Material provided>
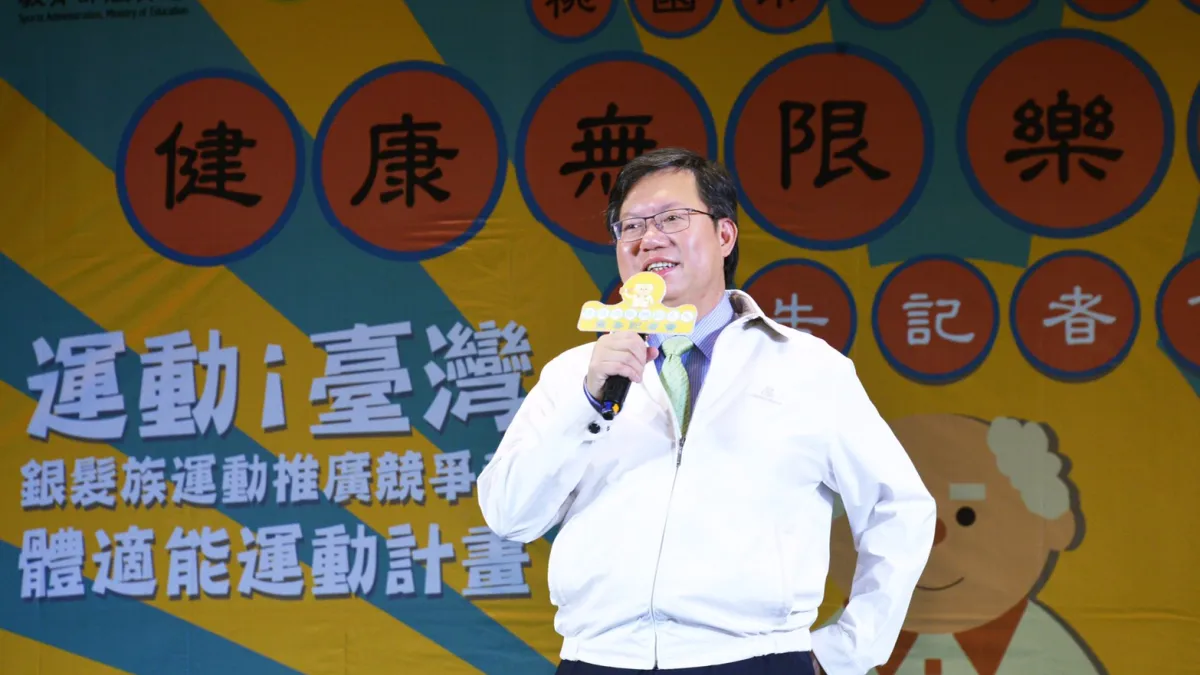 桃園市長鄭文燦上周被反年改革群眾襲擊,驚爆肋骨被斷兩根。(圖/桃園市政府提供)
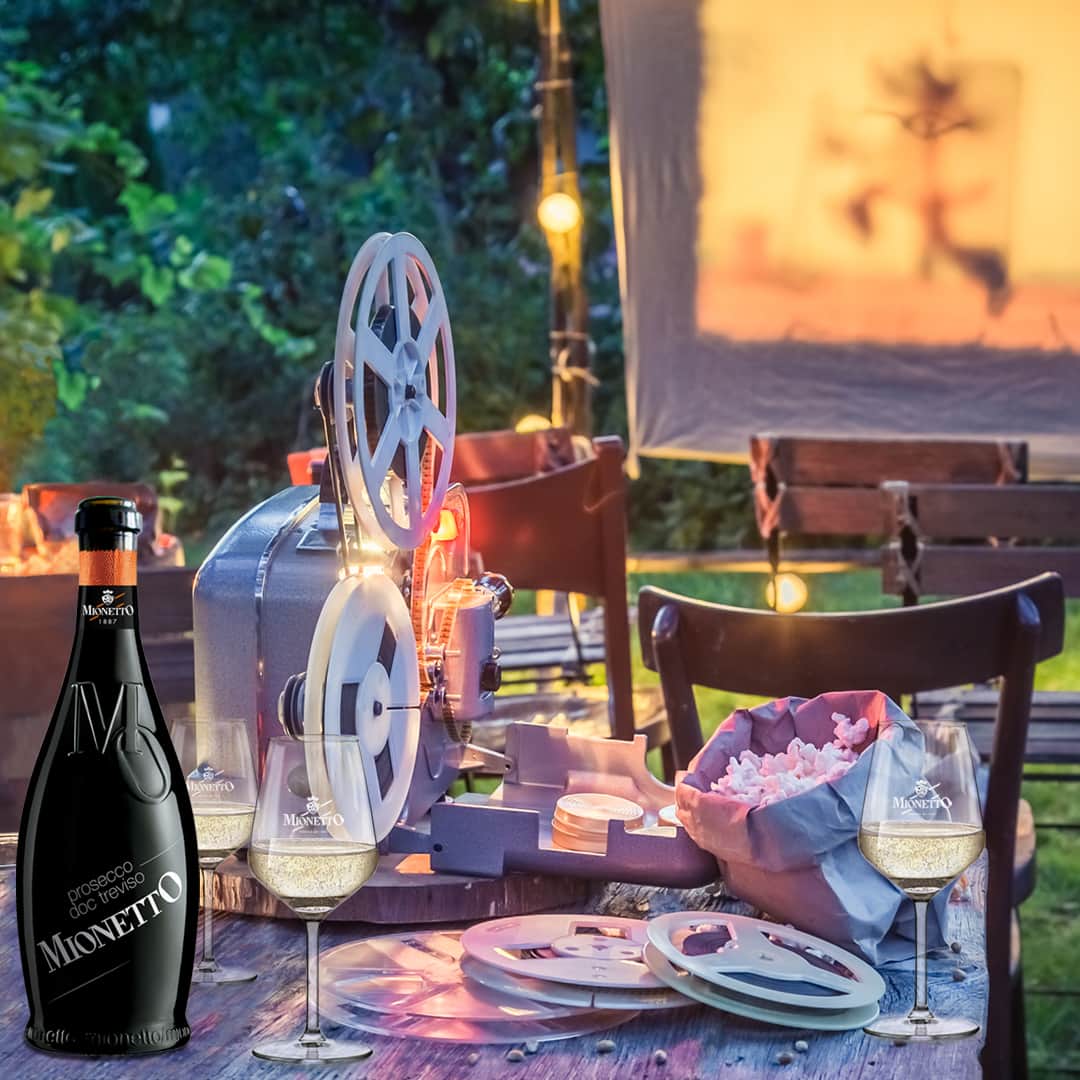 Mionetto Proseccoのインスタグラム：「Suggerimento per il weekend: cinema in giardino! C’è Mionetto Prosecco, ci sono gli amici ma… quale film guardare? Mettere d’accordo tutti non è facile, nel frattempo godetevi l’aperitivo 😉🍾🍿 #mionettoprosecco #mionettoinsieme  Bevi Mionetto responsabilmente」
---
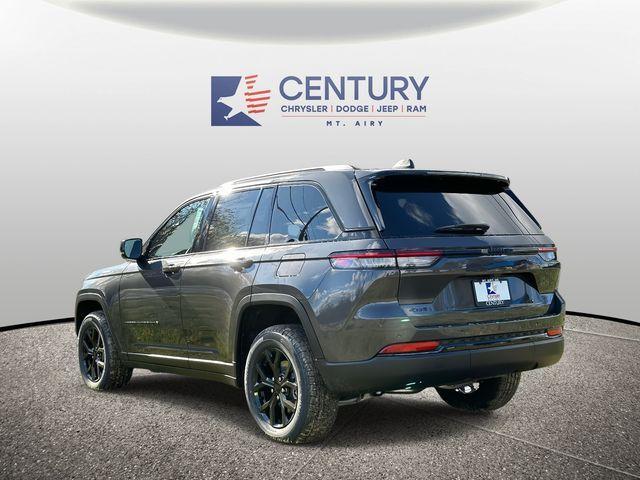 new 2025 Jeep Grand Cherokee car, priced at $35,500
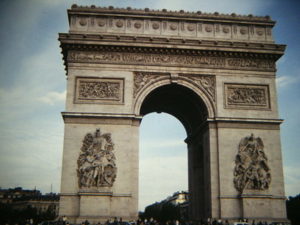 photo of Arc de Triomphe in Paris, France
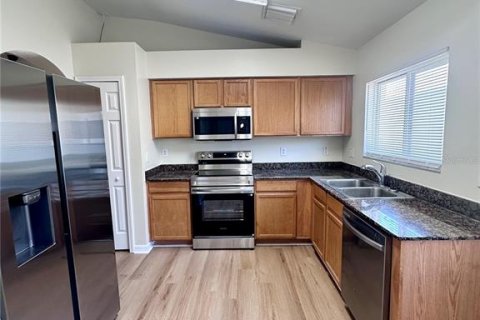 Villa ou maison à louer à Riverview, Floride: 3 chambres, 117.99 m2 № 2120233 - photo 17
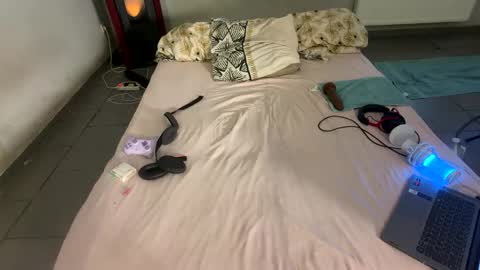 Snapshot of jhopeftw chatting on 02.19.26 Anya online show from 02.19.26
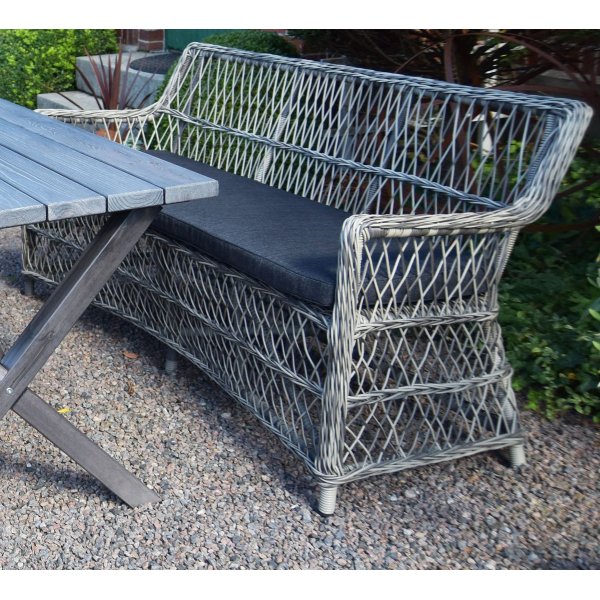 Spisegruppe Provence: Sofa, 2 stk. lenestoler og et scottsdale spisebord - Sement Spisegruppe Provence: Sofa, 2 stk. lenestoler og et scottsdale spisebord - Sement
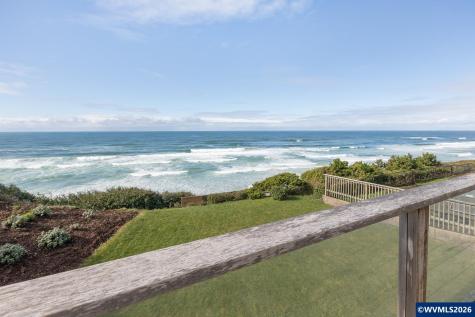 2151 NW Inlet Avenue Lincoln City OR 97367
...
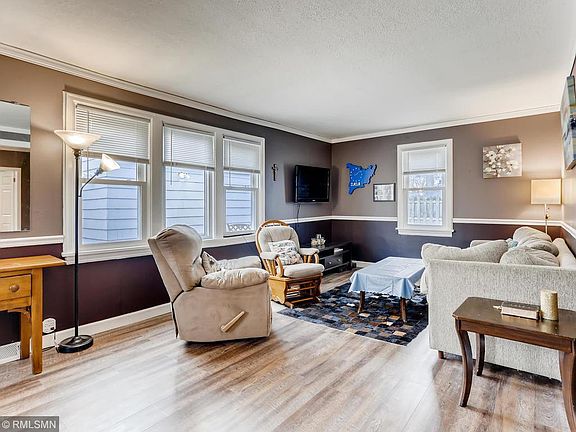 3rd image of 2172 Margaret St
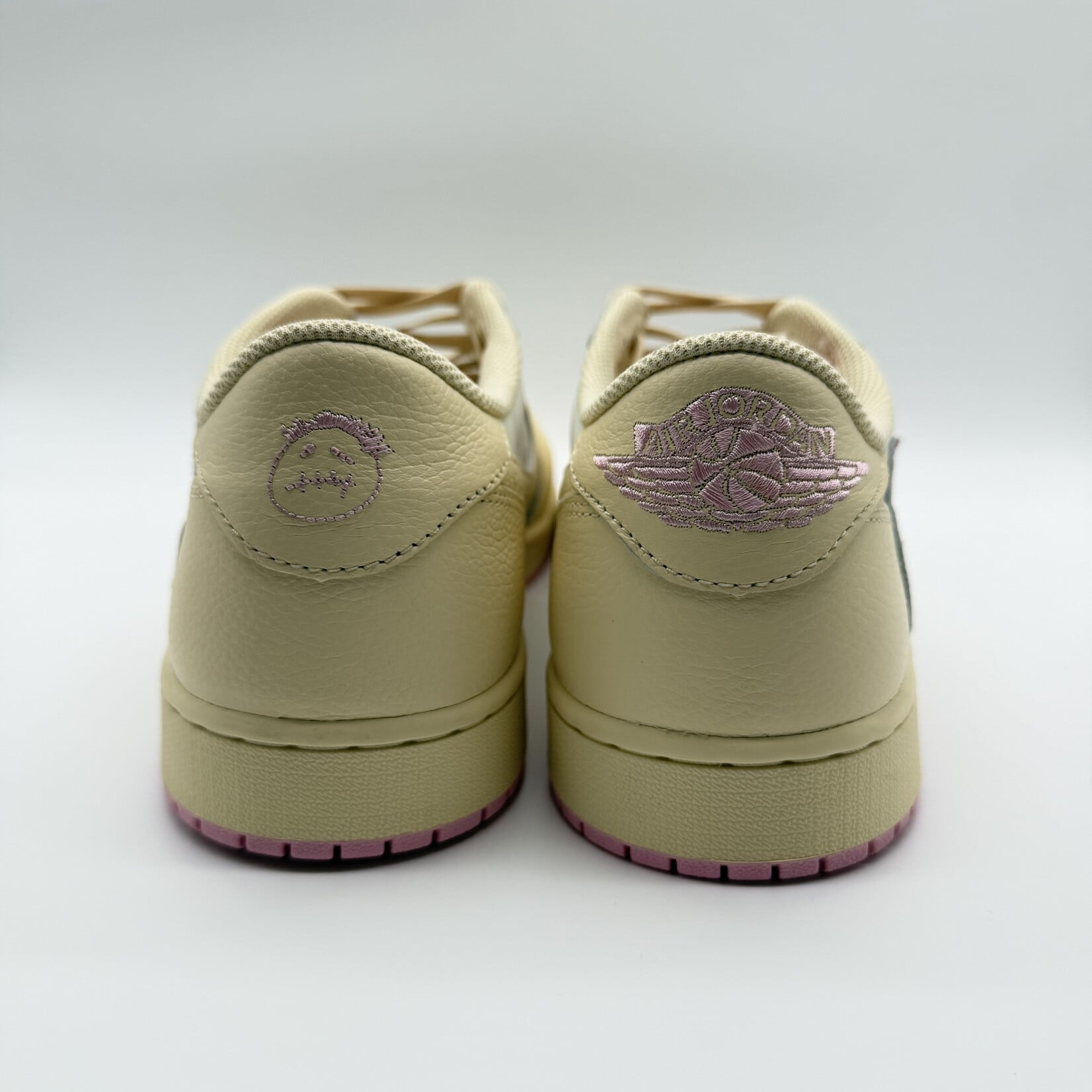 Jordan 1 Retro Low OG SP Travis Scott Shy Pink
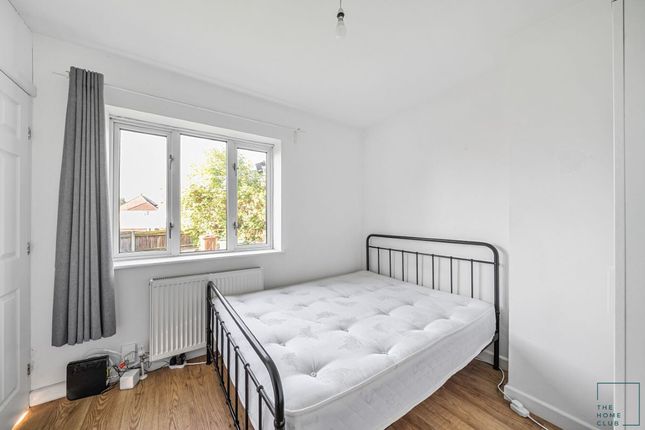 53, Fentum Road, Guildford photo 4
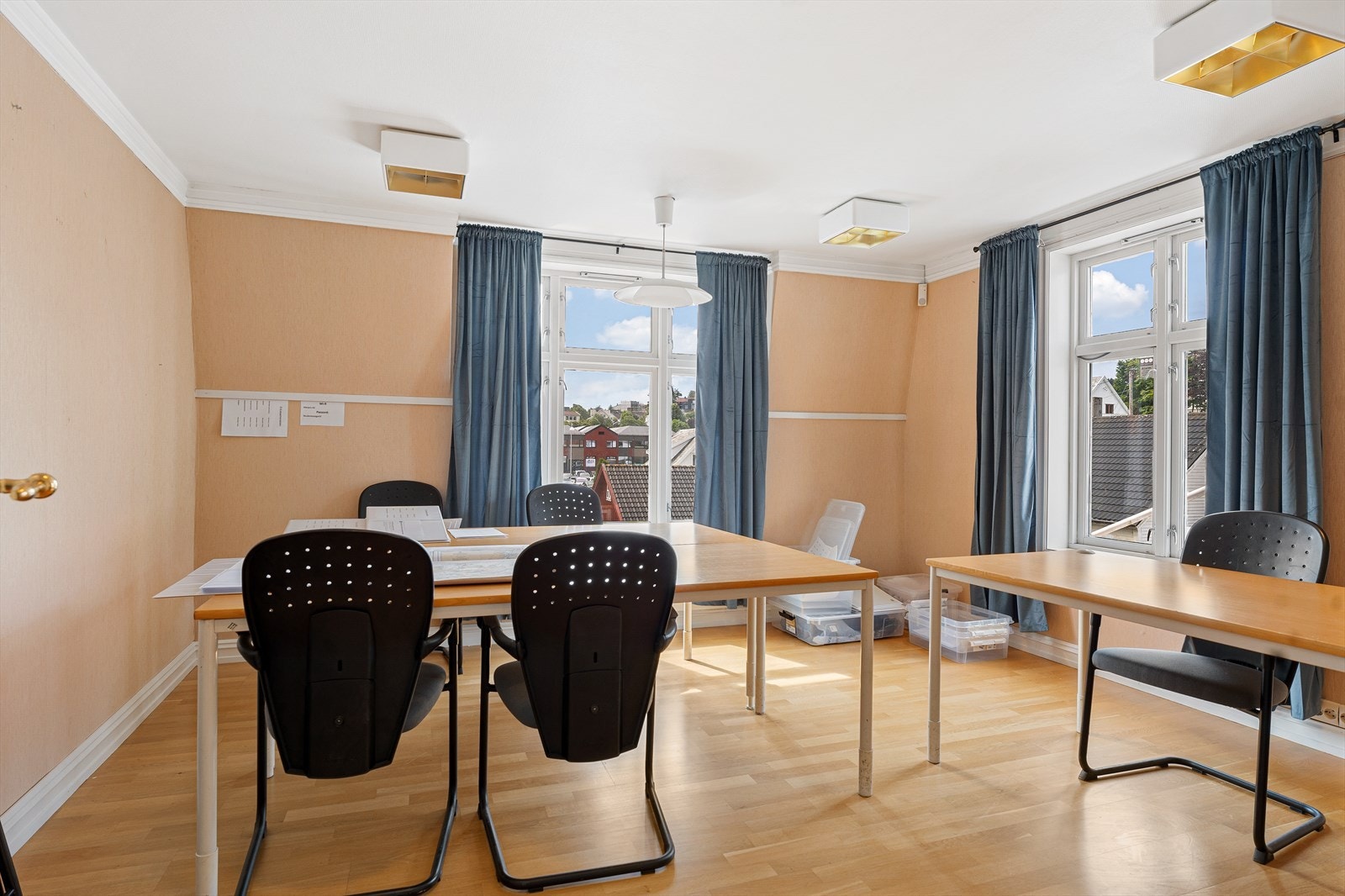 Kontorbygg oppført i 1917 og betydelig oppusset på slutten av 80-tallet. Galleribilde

Problem to work on> Nothing but the lines from the one with "Jordan 1 Retro" to the one with "Kontorbygg oppført i" above, both included, should be transcribed, exactly and without pictures.

Solution to this problem>
 Jordan 1 Retro Low OG SP Travis Scott Shy Pink
 53, Fentum Road, Guildford photo 4
 Kontorbygg oppført i 1917 og betydelig oppusset på slutten av 80-tallet. Galleribilde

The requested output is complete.